(Short web captions)
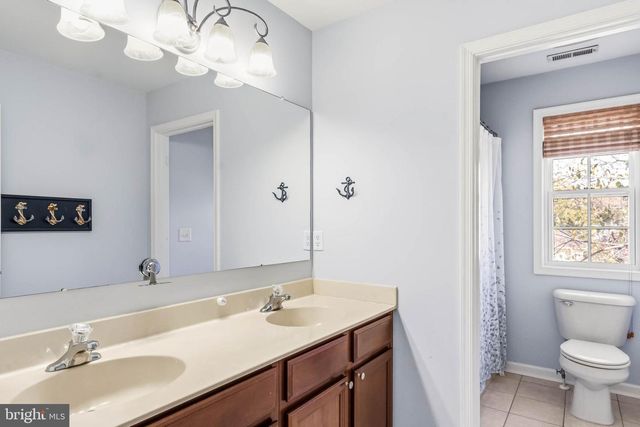 100 OYSTERMAN DR, Milton, DE 19968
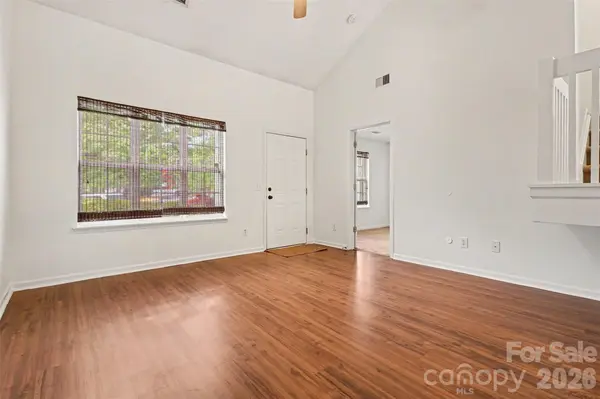10030 Pergola View CT, Charlotte, NC 28213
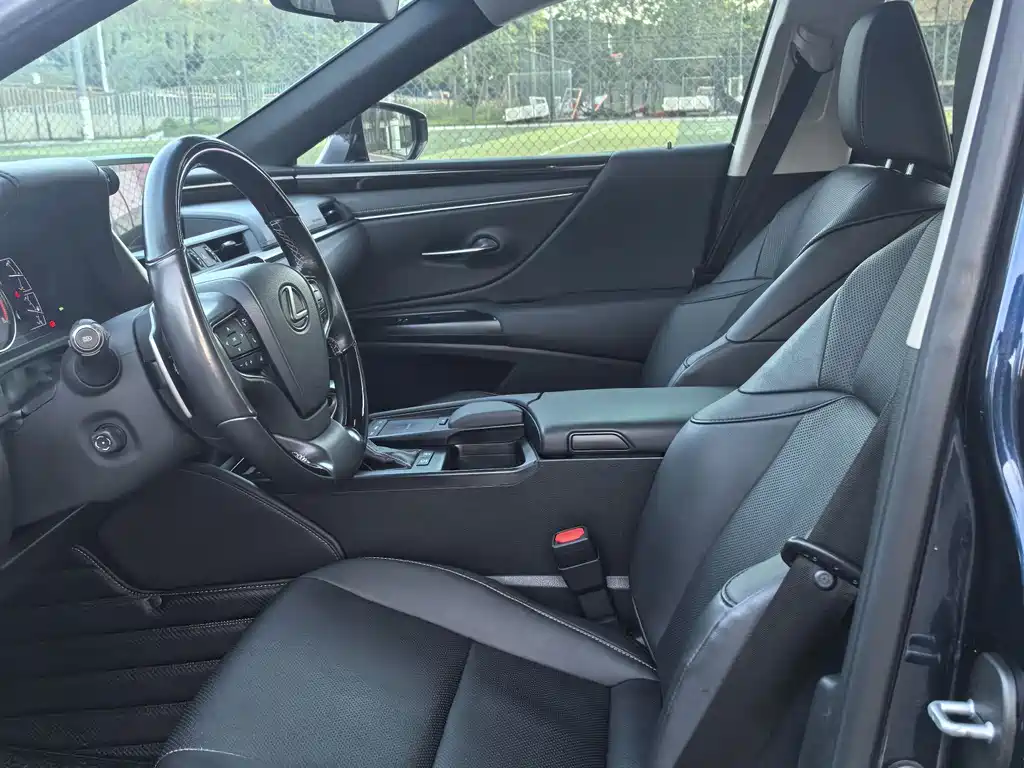 Lexus ES 2020 200 Luxury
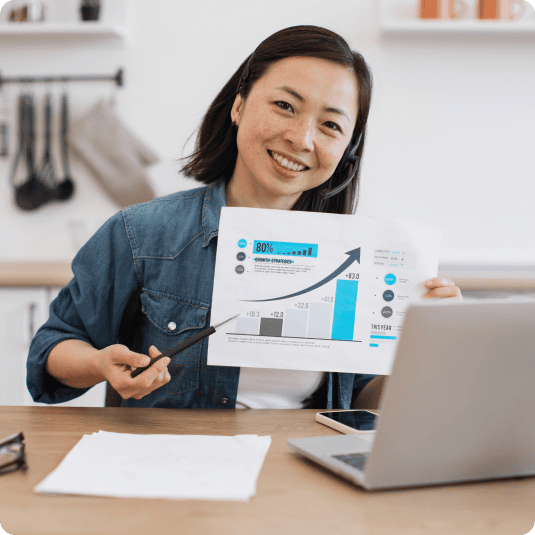 expert-pointing-graphs-remote-online-briefing 1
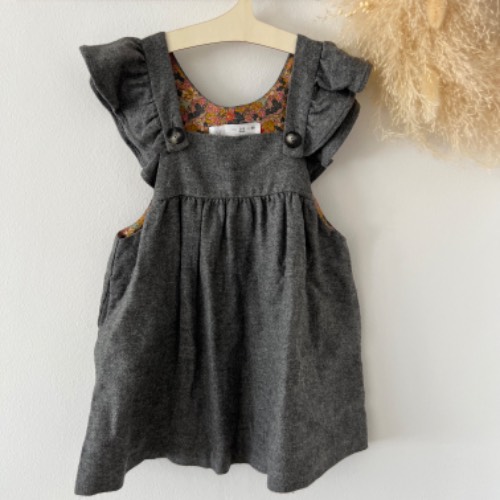 NEU Zara Tweed Kleid  Größe: 104, zu finden beim Stand 71 am Standort Flohkids Berlin Ost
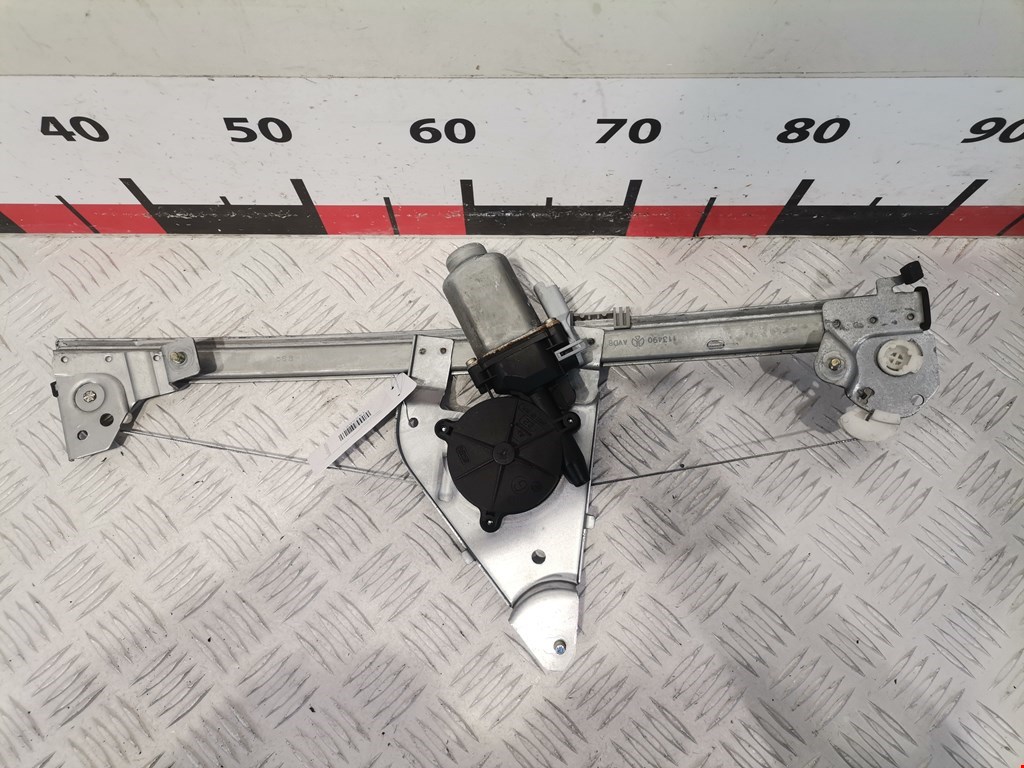 Стеклоподъемник передний правый CITROEN Xantia 1993-2002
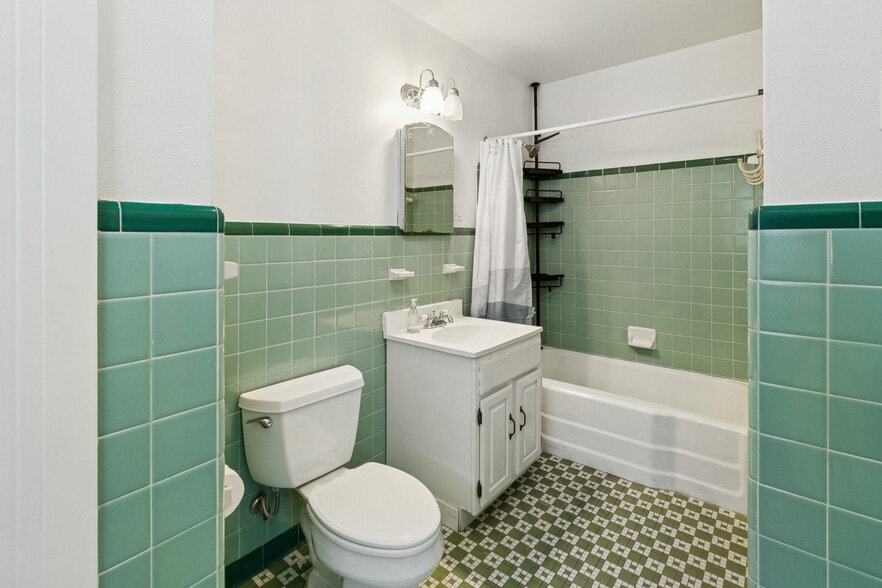 Building Photo - 67 S Wren St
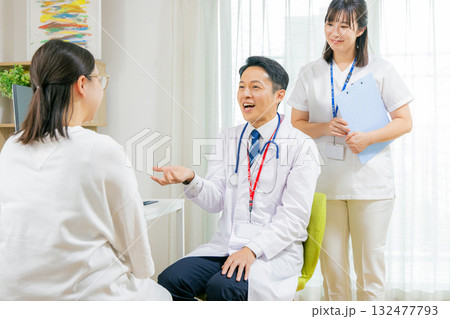診察をする医師 132477793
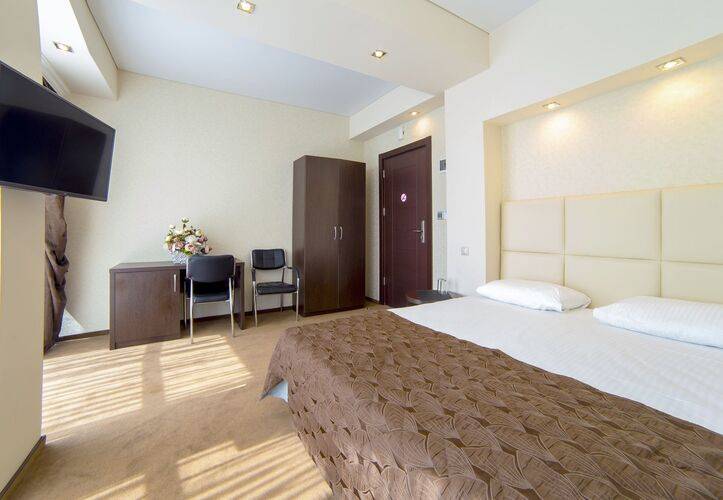 Гранд Отель Гагра (Grand Hotel Gagra)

## ACTIVITY
The entries above should be given again exactly, minus any pictures.

## ANSWER BOX
 100 OYSTERMAN DR, Milton, DE 19968
10030 Pergola View CT, Charlotte, NC 28213
 Lexus ES 2020 200 Luxury
 expert-pointing-graphs-remote-online-briefing 1
 NEU Zara Tweed Kleid  Größe: 104, zu finden beim Stand 71 am Standort Flohkids Berlin Ost
 Стеклоподъемник передний правый CITROEN Xantia 1993-2002
 Building Photo - 67 S Wren St
診察をする医師 132477793
 Гранд Отель Гагра (Grand Hotel Gagra)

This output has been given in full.